Jonas Bendiksen méritait bien d’être exposé en l’église Sainte-Anne pour son fabuleux projet « Le dernier testament » centré sur les « messies », ces prédicateurs des Etats-Unis, du Japon, de Russie ou des Philippines qui se prennent pour des envoyés de Dieu. Le thème est accrocheur et payant et l’artiste ne s’est pas privé de l’exploiter montrant par l’image la force inquiétante de conviction de ces hommes mais aussi leur puissance financière et leur capacité de nuisance face à des populations vulnérables.

Des messies qui se prennent pour Jésus Christ. (c) Jonas Bendiksen.

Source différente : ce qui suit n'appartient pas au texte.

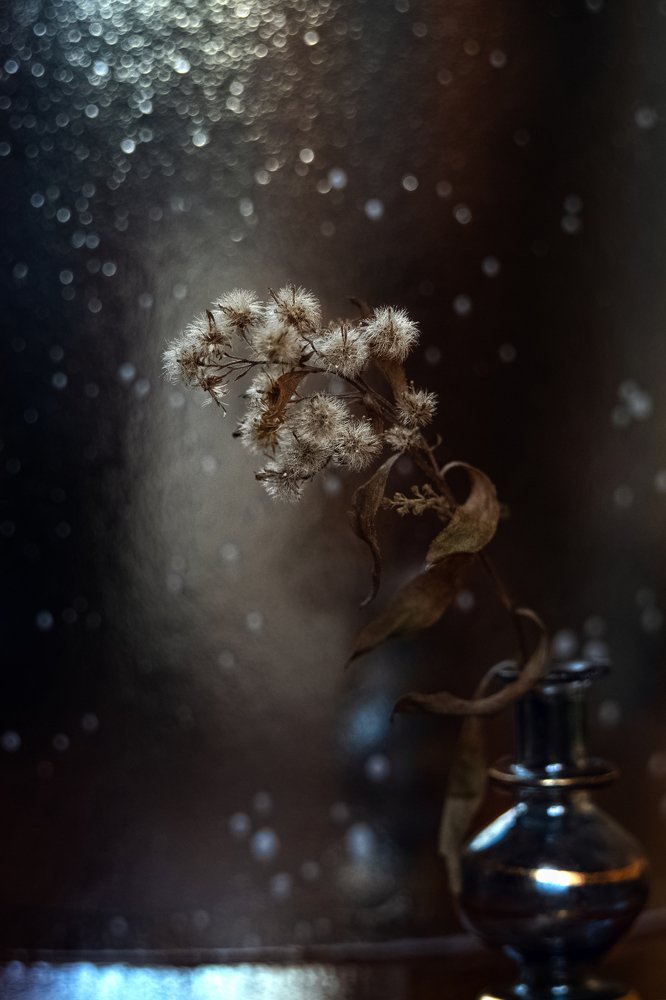 Свет настроения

Une exposition de photos doit raconter une histoire. Je retiendrai celle de Taysir Batniji, ancien habitant de Gaza réfugié en Amérique qui retrace par la photo le parcours de sa famille palestinienne. L’image n’a rien de bouleversant mais on y découvre la transformation de l’identité d’un homme et de sa famille auquel s’ajoutent des témoignages parfois étonnants même si anodins, comme cette remarque gastronomique : « pour manger de vrais plats gazaouis il faut aller chez les exilés d’Amérique et pas à Gaza… »

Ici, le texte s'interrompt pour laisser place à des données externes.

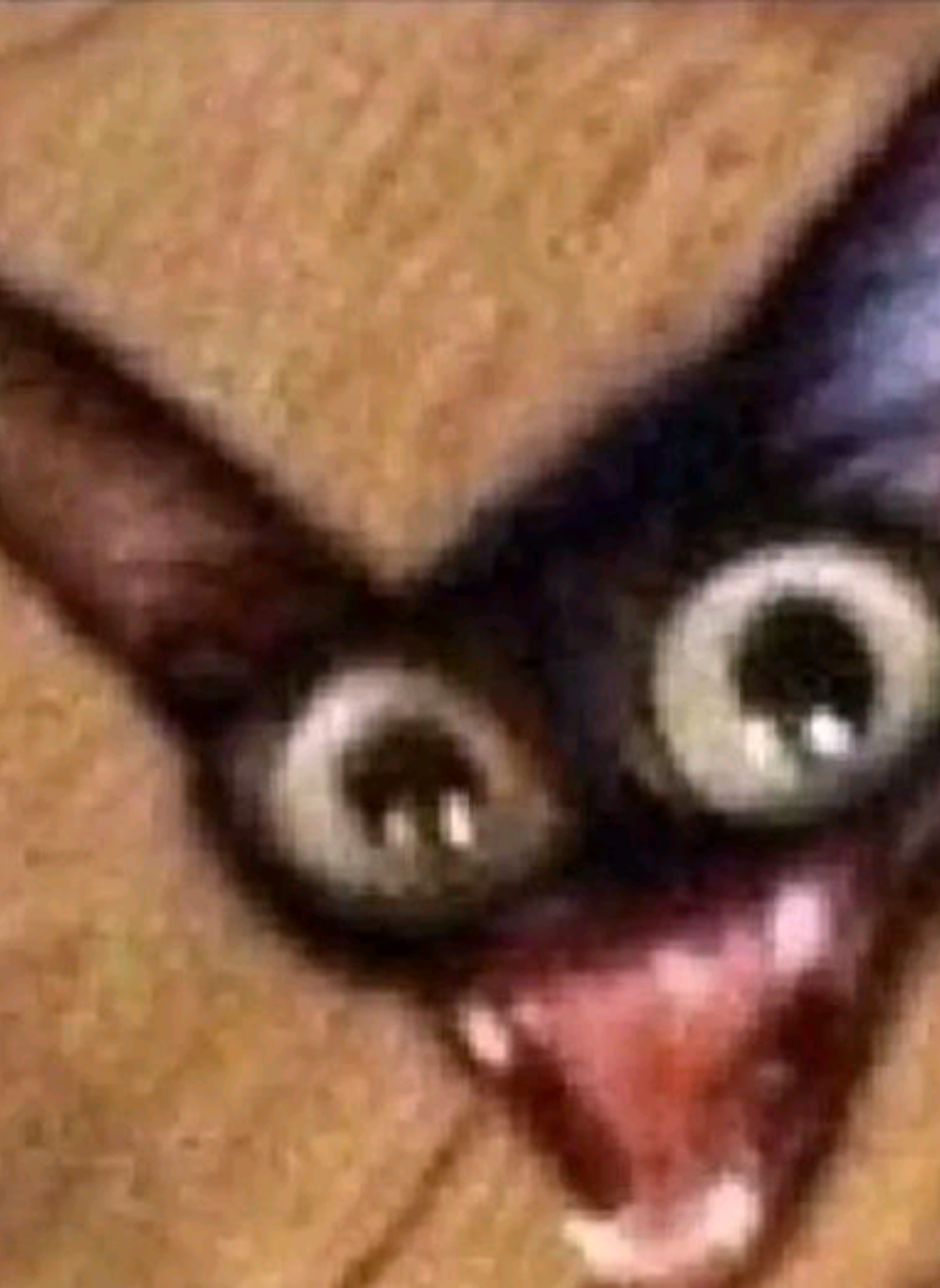 @sofii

Les migrants sont devenus un sujet incontournable pour un photographe. On les retrouve donc en Arles avec le travail de Patrick Willocq « Mon histoire c’est l’histoire d’un espoir ». On est accueillis sur les lieux par une voûte réalisée en gilets de sauvetage orange utilisés par ceux qui ont traversé la méditerranée. Il faut retenir ce clin d’œil à la mythologie grecque où Zeus soulève une princesse prénommée Europe. L’auteur reprend le thème en nous montrant la même princesse allongée sur un bateau pneumatique comme celui des migrants traversant la grande bleue…

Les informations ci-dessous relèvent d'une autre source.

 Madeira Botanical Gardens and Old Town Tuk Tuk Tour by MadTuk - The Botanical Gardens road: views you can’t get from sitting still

Au premier étage du musée antique, je retiens l’exposition d’Aurore Valade intitulée « Révoltes intimes » : regards provocateurs sur les choses, combinaisons d’images diverses, de situations sans liens et de citations, confrontation entre l’intime et le public. Le mélange est heureux et c’est sans doute pour ce genre de travail et d’œuvre créatrice que nous venons aux Rencontres d’Arles.